Task directions =
Make an exact copy of the entries below and leave any picture out of it.

Records for processing =

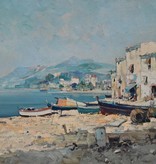 Wilhelm Thelen (1917 - 1985) » Öl-Gemälde Impressionismus Spanien Meer mediterrane Küstenlandschaft Düsseldorfer Maler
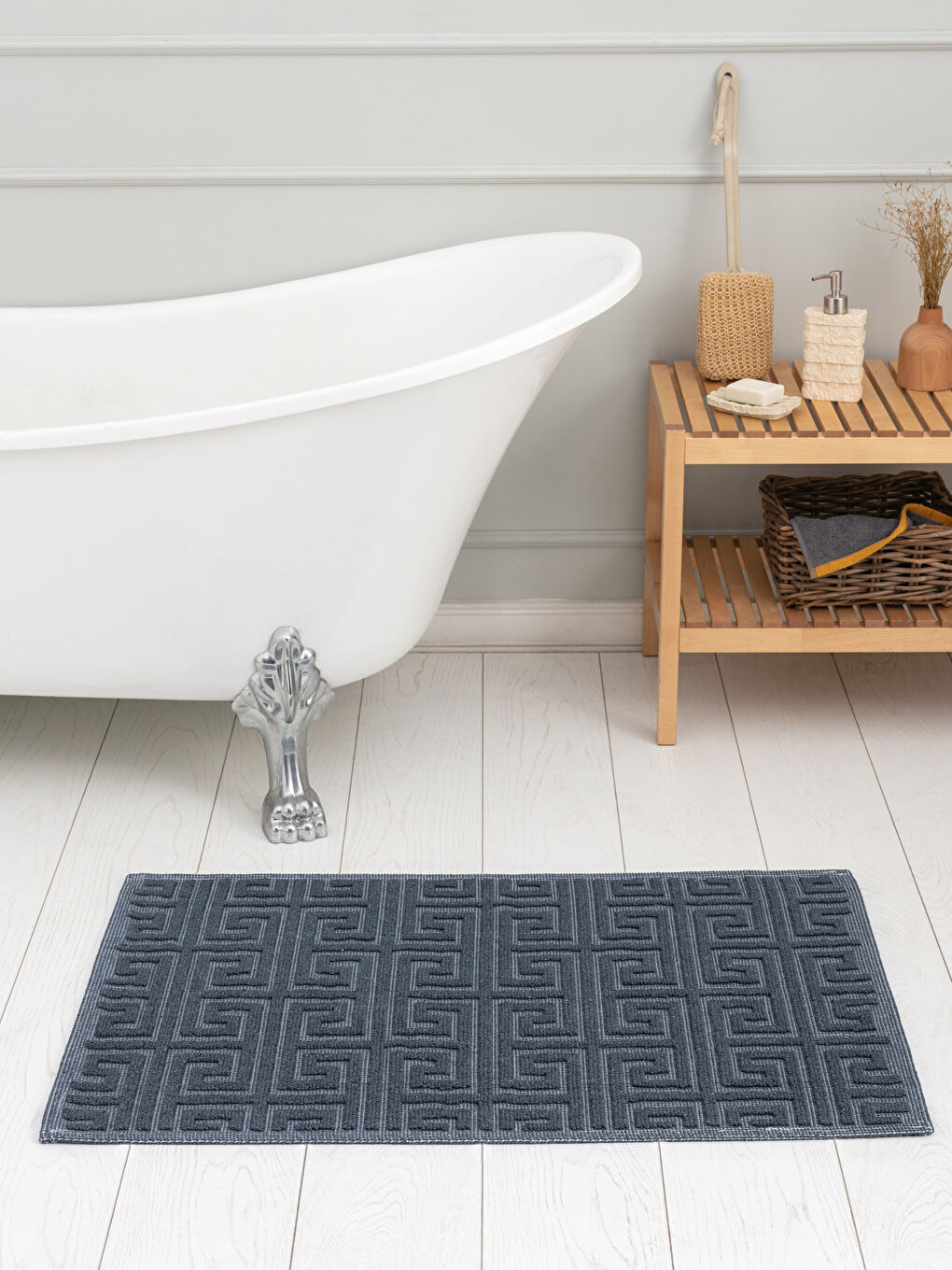 Gri Pamuklu Desenli Banyo Paspası 60x100 cm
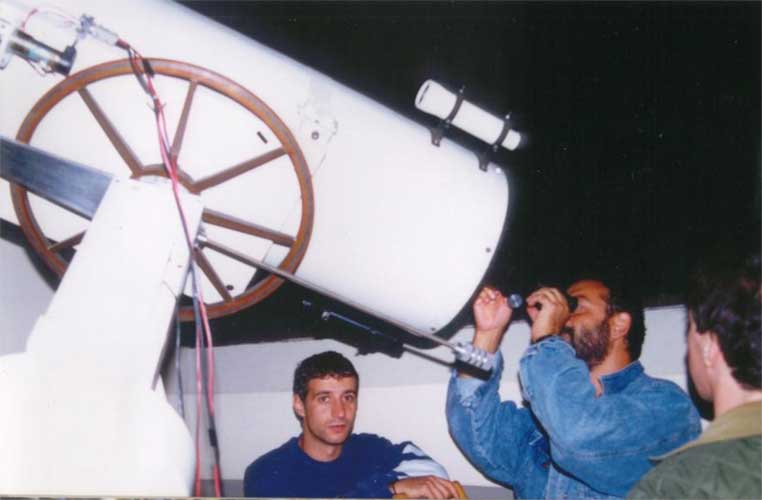 At night observing at the local observatory (credit Valentin Grigore).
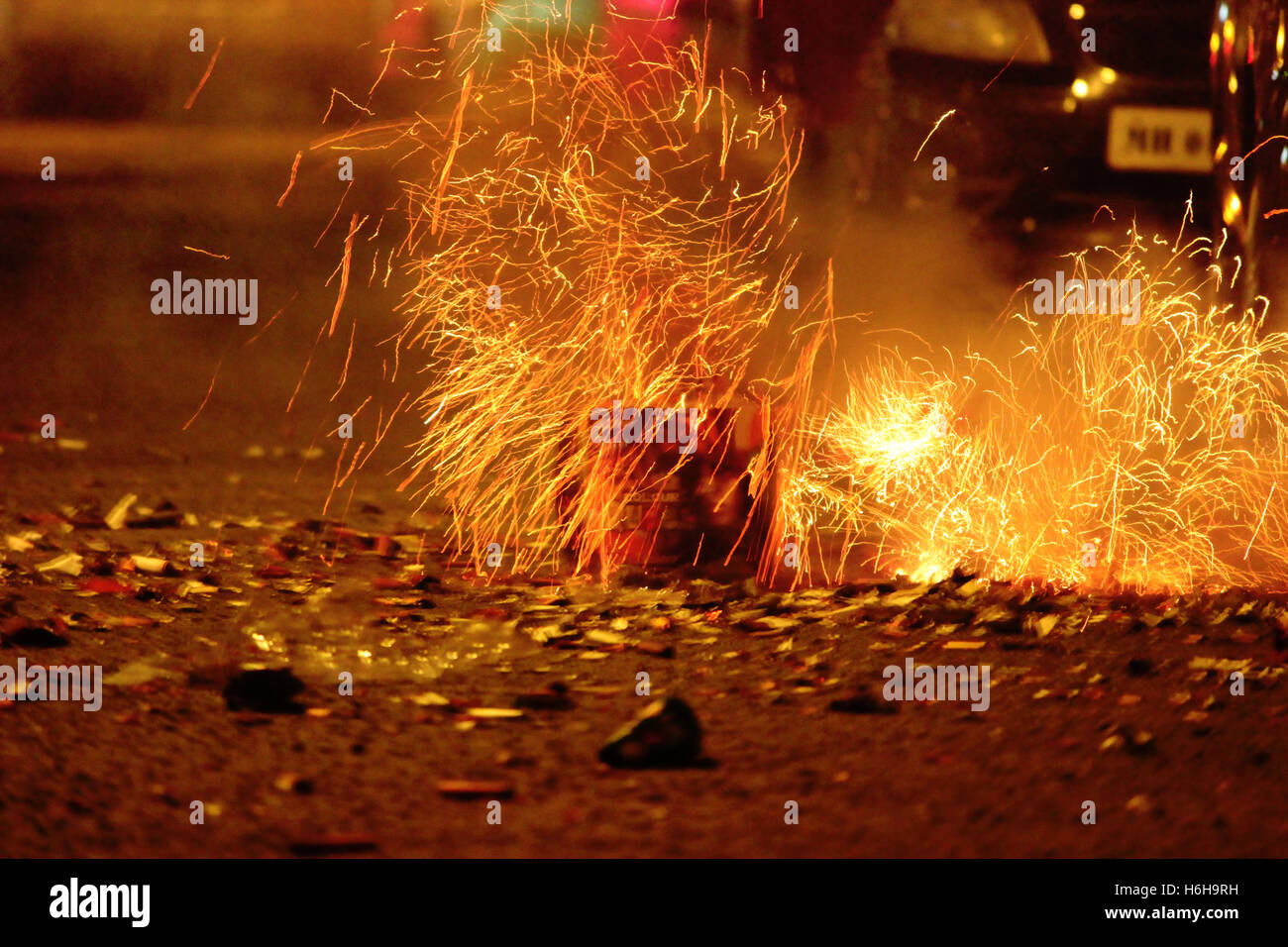 Fireworks or firecrackers during Diwali or Christmas festival Stock Photo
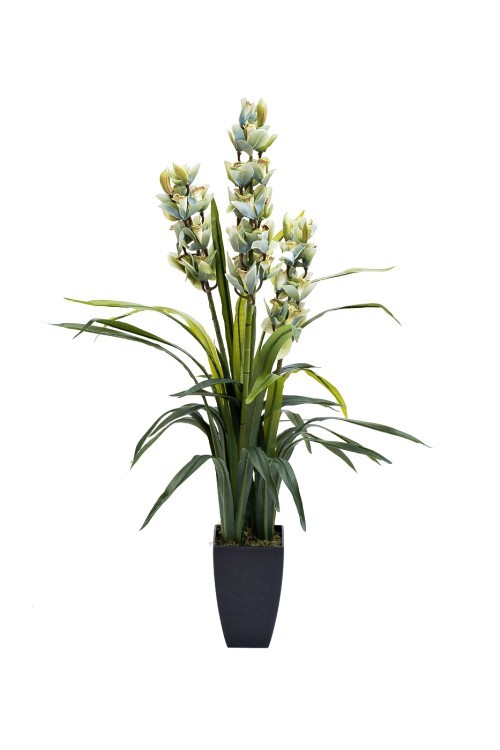 Орхидея CYMBIDIUM искусств. лаймовая в горшке h110 см (TT-00010053)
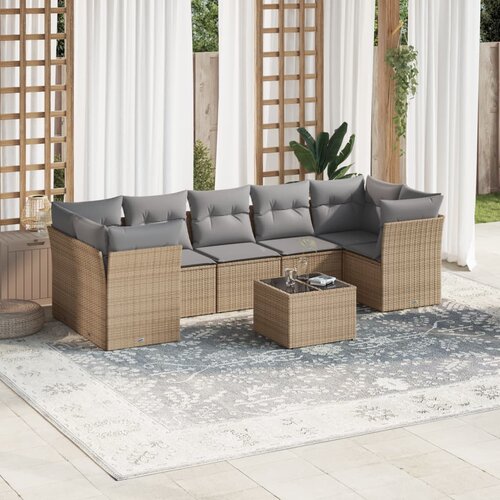 VidaXL 8-dijelni set vrtnih sofa od poliratana s jastucima bež Slike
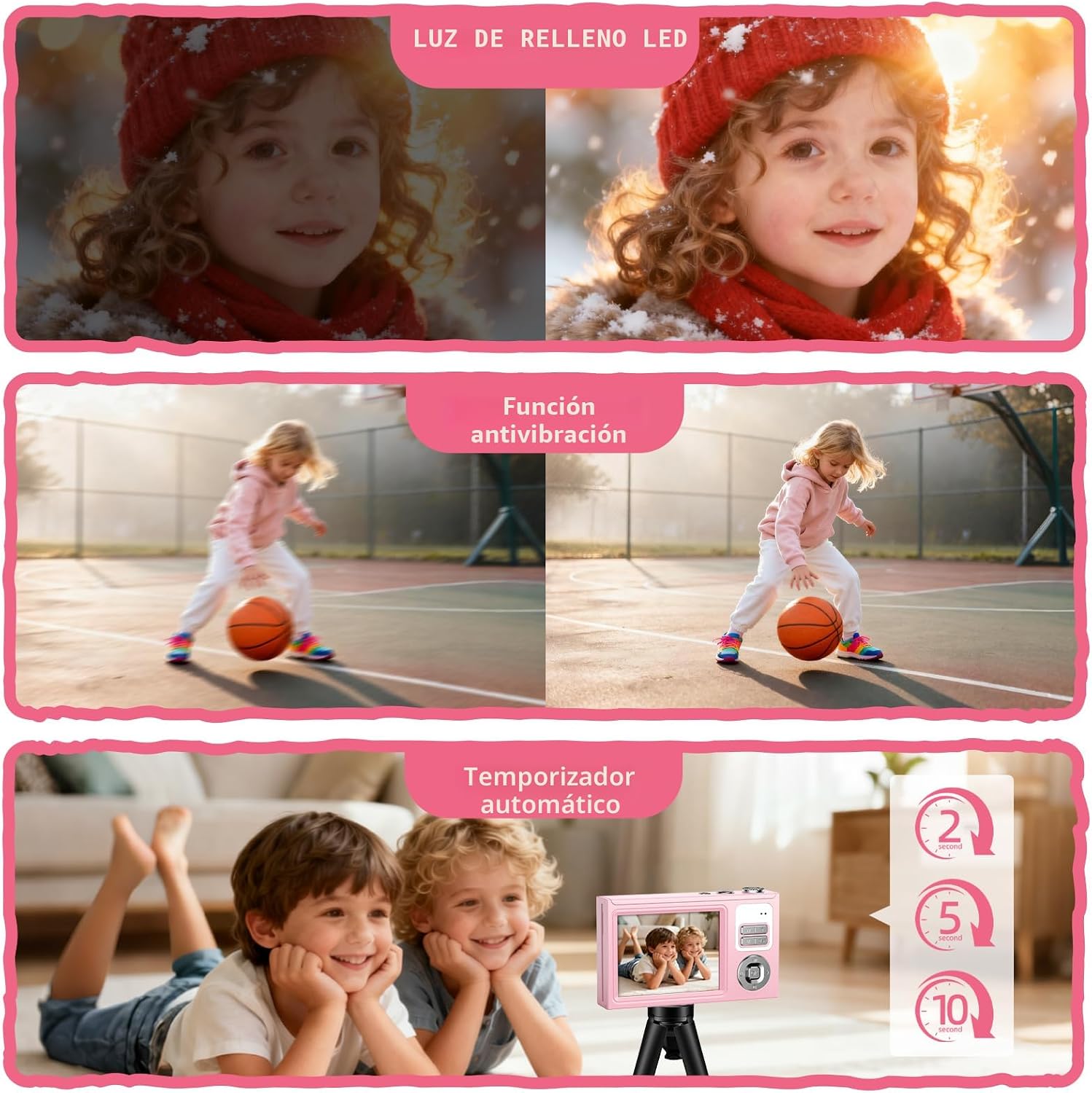 CÁMARA DIGITAL PARA NIÑOS Y PRINCIPIANTES 64GB SD POINT AND SHOOT CÁMARAS - 4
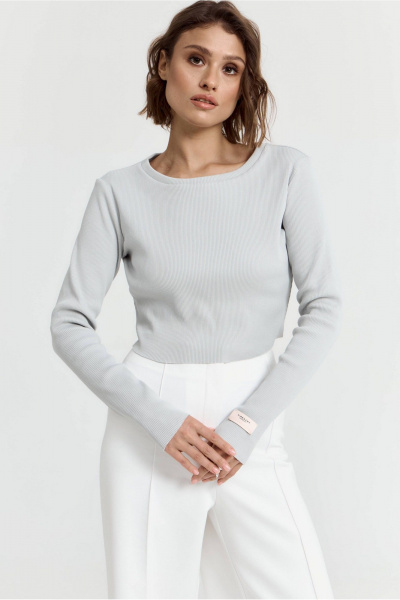 Короткий джемпер полуприлегающего силуэта из трикотажа для повседневности ATTIKA A3305 серый - фото 1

Solution for this problem =
 Wilhelm Thelen (1917 - 1985) » Öl-Gemälde Impressionismus Spanien Meer mediterrane Küstenlandschaft Düsseldorfer Maler
 Gri Pamuklu Desenli Banyo Paspası 60x100 cm
 At night observing at the local observatory (credit Valentin Grigore).
 Fireworks or firecrackers during Diwali or Christmas festival Stock Photo
 Орхидея CYMBIDIUM искусств. лаймовая в горшке h110 см (TT-00010053)
 VidaXL 8-dijelni set vrtnih sofa od poliratana s jastucima bež Slike
 CÁMARA DIGITAL PARA NIÑOS Y PRINCIPIANTES 64GB SD POINT AND SHOOT CÁMARAS - 4
 Короткий джемпер полуприлегающего силуэта из трикотажа для повседневности ATTIKA A3305 серый - фото 1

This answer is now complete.